[MD] Bo's right! For all the wrong reasons? (Part1)

David Thomas combinedefforts at earthlink.net
Sat Jul 31 21:34:57 PDT 2010


All,

Since early in the Lila Squad days it was clear that Bo was skeptical of
Pirsig's further development of the Quality idea in Lila. He sensed there
was something wrong with the MoQ picture. When the S.O.D.V paper was
published he came to a full rolling boil and has not turned off the heat
since. It is becoming more and more clear to me he was and is right. But not
in the way that he (or for that matter many others) will be happy with. In
addition as I watch the ongoing conversations here, except for a few of the
MoQ priests, most if not all have some similar concerns.

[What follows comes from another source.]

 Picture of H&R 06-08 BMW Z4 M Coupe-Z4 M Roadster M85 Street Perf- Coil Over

For instance of those who see value in Pirsig's work none would seem further
apart than Bo and Krimel. Recently Krimel posted:

>[Krimel in Bo's weak versus strong interpretation of quantum physiks thread]
> For about the umpteenth time I regard Pirsig's work especially in ZMM as a
> western explication of Taoism and as such very useful and valuable. When it
> strays from that track it becomes, er, uh, less valuable.

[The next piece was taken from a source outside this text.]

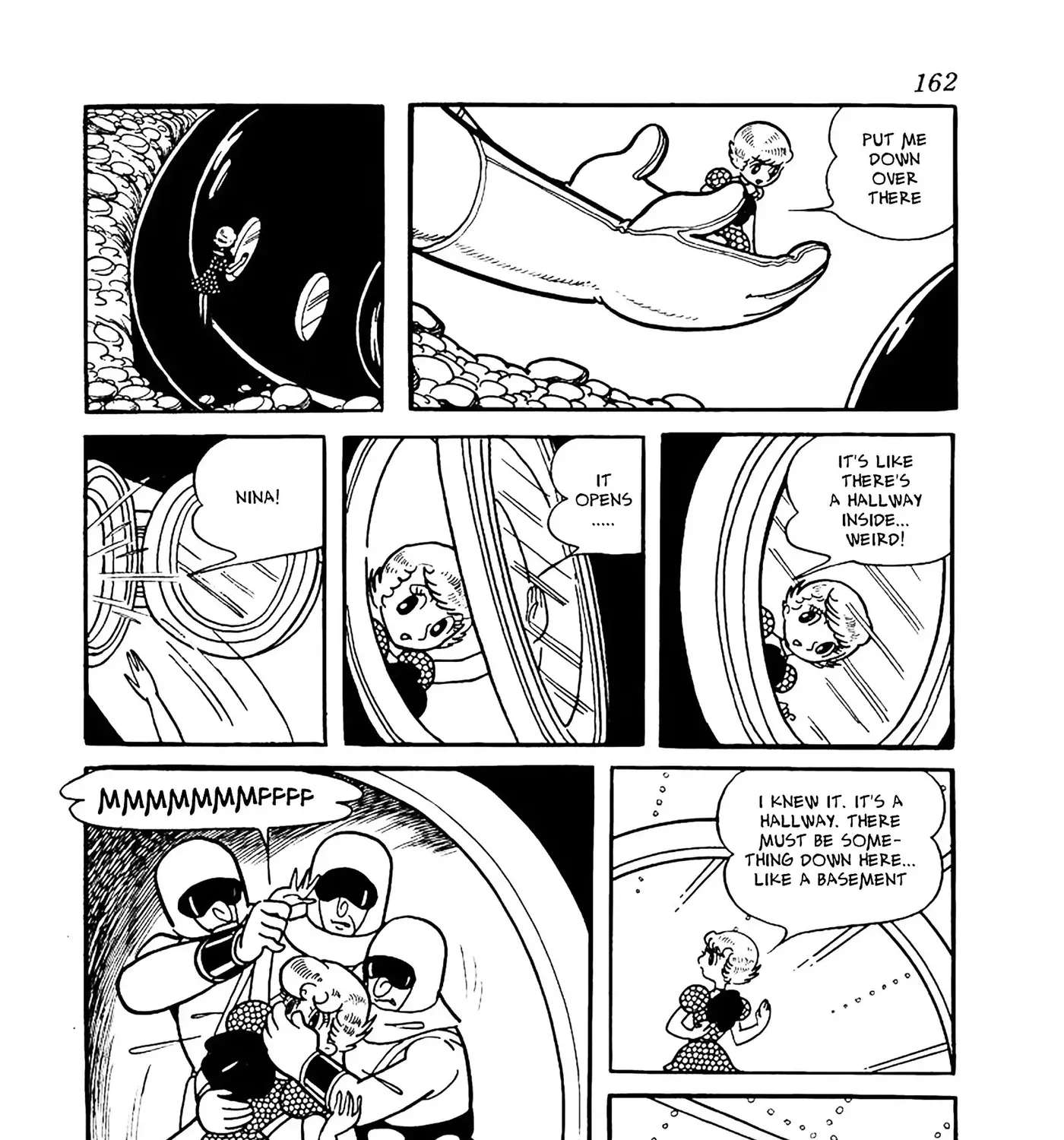 Big X Chapter 15 - page 59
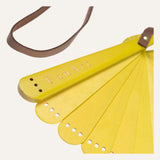 ABANICO AMARILLO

I doubt Bo would strongly disagree with this statement and he may not
disagree at all.  How strange is that? Actually not very. If sales, reviews,
and commentaries are any indication, ZMM is thousands of times better liked
and grocked than Lila. More people find it of higher quality. Years ago I
e-mailed a couple members of the "named intelligentsia" Richard Rorty and
Christopher Alexander about whether they had read Lila and what they thought
of it. Though both read and thought ZaMM was great neither wouldn't comment
on Lila. One hadn't read it and the other had started, but never finished.
Why not? My guess is they he smelled something, a whiff of core wrongness.
Krimel calls it brittleness. Many think limiting the social level to humans
is wrong. Magnus, forever, has argued for more levels. And few if any are
entirely comfortable with the intellect and the intellectual level. The
claim of level discreteness and domination has been questioned.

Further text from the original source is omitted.